I want to discuss three of these challenges today. The first challenge relates directly to the recent crisis: What needs to happen at the national and international levels to strengthen the financial system so that a crisis of this magnitude does not occur again.
The second challenge relates to the set of fiscal exit strategies that would put fiscal policies around the world on a sustainable path. In many countries, including the United States, budget deficits have widened sharply and the level of public debt is growing faster than gross domestic product (GDP). This trend is unsustainable.
The third challenge is how to rebalance global consumption and investment to support continued strong growth in the emerging world and a sustainable recovery elsewhere. In my view, sustainable global growth requires a shift toward a higher consumption share in the emerging world matched by a shift away from consumption in the United States.
These three challenges are interlinked. Without regulatory reform, we will not have the robust and resilient financial system that we need to match savers and borrowers around the world. Without fiscal consolidation, financial market participants will balk at providing the funds needed to close the gap between government revenue and spending.
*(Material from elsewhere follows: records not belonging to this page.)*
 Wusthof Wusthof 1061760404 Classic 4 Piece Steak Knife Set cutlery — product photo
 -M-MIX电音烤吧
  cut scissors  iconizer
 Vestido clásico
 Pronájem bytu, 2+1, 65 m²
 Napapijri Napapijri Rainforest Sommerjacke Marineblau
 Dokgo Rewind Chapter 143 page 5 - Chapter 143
In addition, without rebalancing the composition of global demand, long-run economic growth will likely be weaker. Weaker long-run growth will lead to excessive unemployment and less government revenue, which, in turn, will make it more difficult to put fiscal policies on a sustainable course.
Turning to the first challenge of regulatory reform, the key issue is how to ensure that we take the right steps so that the type of financial crisis that occurred never happens again. From my perspective, I have several concerns about where the regulatory reform process is heading. First, the international consensus to harmonize standards globally appears fragile. If each country acts to strengthen its financial system in an uncoordinated way, we will be left with a balkanized system, riddled with gaps that encourage regulatory arbitrage. Second, I am concerned that the focus will be too bank-centric. Although it is clearly appropriate to strengthen the liquidity and capital standards for banks, regulatory reform needs to be comprehensive. Third, I worry that the Federal Reserve's role with respect to bank supervision will be unduly constrained. Let me discuss each of these concerns in more detail.
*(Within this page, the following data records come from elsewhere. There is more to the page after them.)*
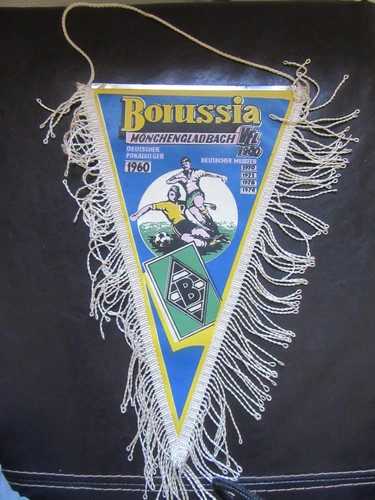 Großer wimpel borussia - großer,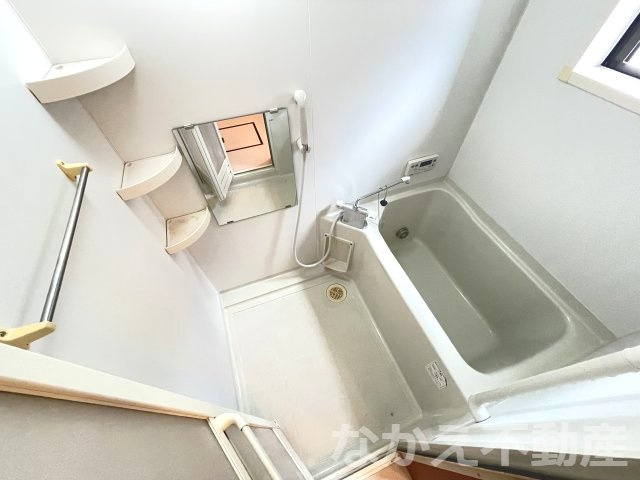 【浴室】 | きれいなお風呂です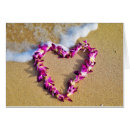 Search for leis cards Hawaii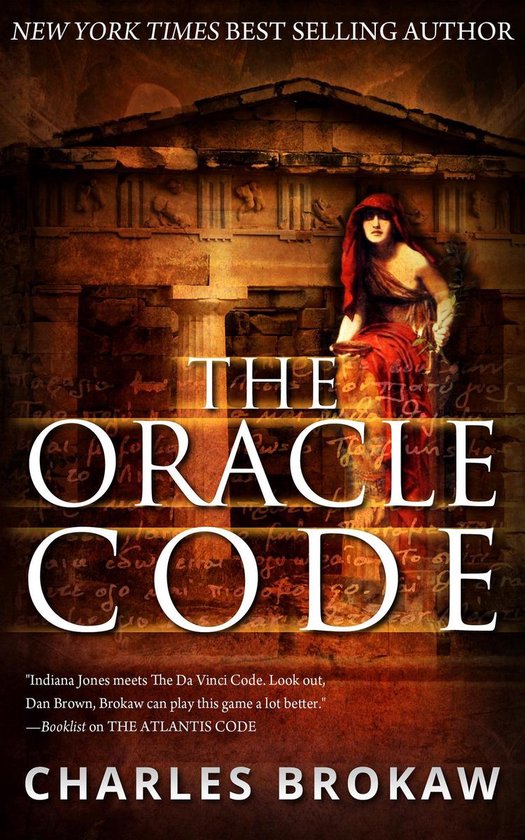 Thomas Lourds - The Oracle Code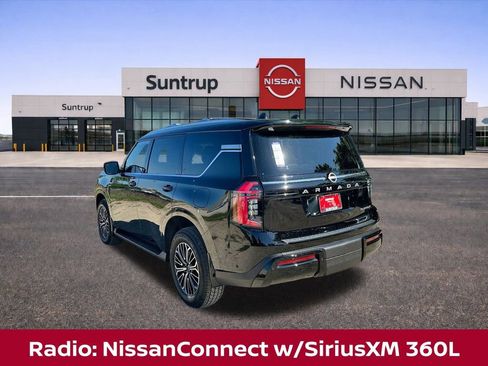New 2025 Nissan Armada Platinum image 14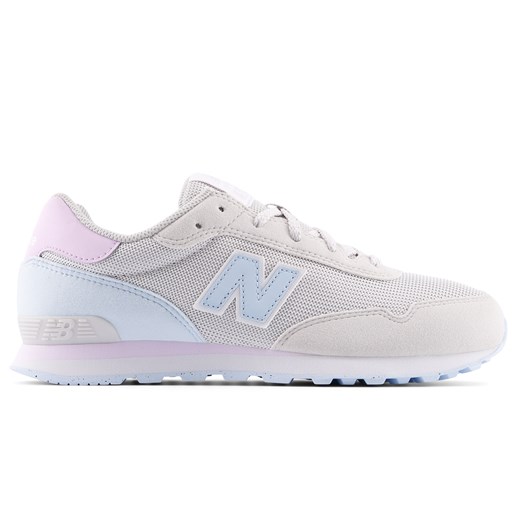 Buty dziecięce New Balance GC515BD – szare New Balance 38 New Balance Poland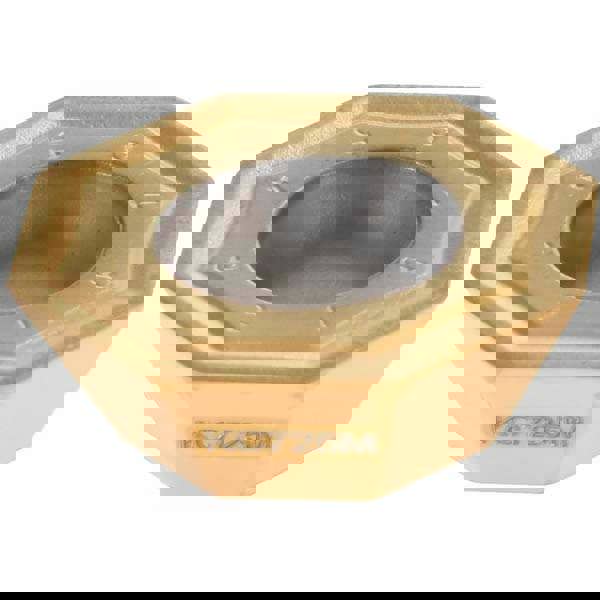 Milling Insert: OFKT06L5AFENGB, KC725M, Solid Carbide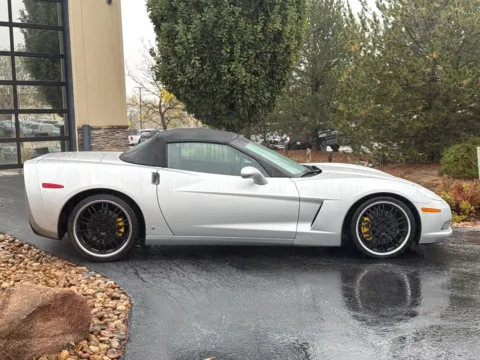 More photos of 2009 Chevrolet Corvette at Red's Auto & Truck, CO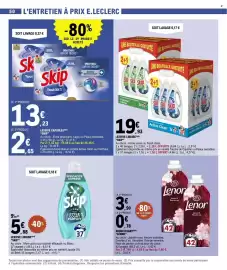 Catalogue E.Leclerc page 50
Turning first to the issue of harmonization, I think it is underappreciated how important harmonization is to ensure success of the global regulatory reform effort. Without harmonized standards, financial intermediation would inevitably move toward geographies and activities where the standards are more lax. This, in turn, would provoke complaints from those who cannot make such adjustments as easily. The political process, in turn, would be sensitive to such complaints, creating pressure for liberalization, which would cause the tougher standards to unravel over time. In the discussion between countries, the emphasis would subtly shift from how to structure the regulatory regime to ensure financial stability toward negotiating a regulatory regime that works best for the institutions headquartered in each particular country.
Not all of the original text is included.